One Tim Hames, writing in today’s London Times, looks ahead to a ‘win-win’ scenario for Sinn Fein in which it will (he believes) “decommission the SDLP even faster than General John de Chastelain and his team can dismantle the IRA’s arsenal”. But the rub, for those fundamentalists still within modern Sinn Fein may be the shift away from the headline terms of the war (severing the link Britain), to a new imperative under conditions of peace and democracy:
The more effective that Sinn Fein is as an electoral force, the more impotent it becomes as an ideological one. Every deal it strikes with Tony Blair legitimises the British presence in Northern Ireland. Every concession it secures that advances the economic and social standing of ordinary Roman Catholics in Ulster weakens the argument that it is only through Irish unification that those material interests can be realised. With every step that Ulster takes towards becoming a “normal society”, so what Sinn Fein officially regards as an “interim settlement” becomes more deeply entrenched.

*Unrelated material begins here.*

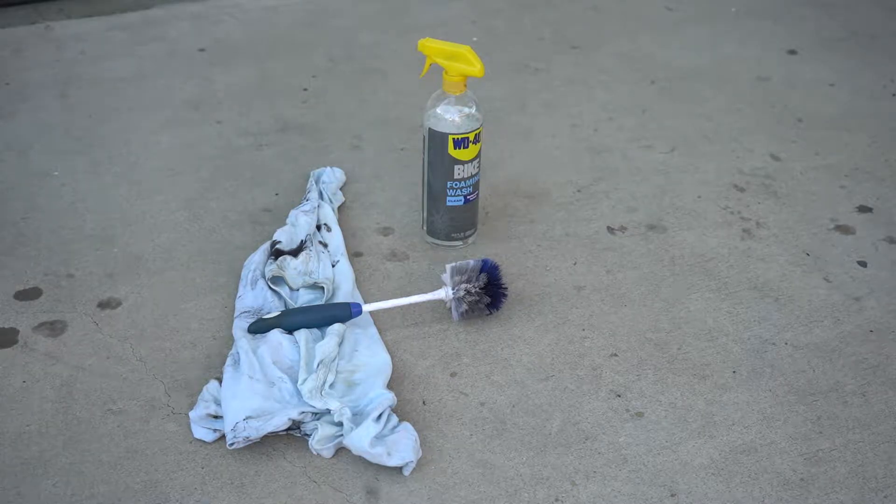Really all you need here is your bicycle wheel, some bike wash — I like to use the WD-40 bike wash — a brush, I'm using a bottle brush, and an old rag. An old dirty t-shirt works pretty well.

This is the outlook for republicanism. A larger and larger number of nationalists in both the North and the South will vote for Sinn Fein — but more because they regard it as the best vehicle for representing them in a divided Ireland than out of support for a united one. Nor will it make much difference if Catholics finally outbreed Protestants in Ulster. Even at the height of the Troubles a substantial percentage of nationalists preferred the status quo to the upheaval of unification.
That sentiment will only swell if politics is perceived to be working in Northern Ireland.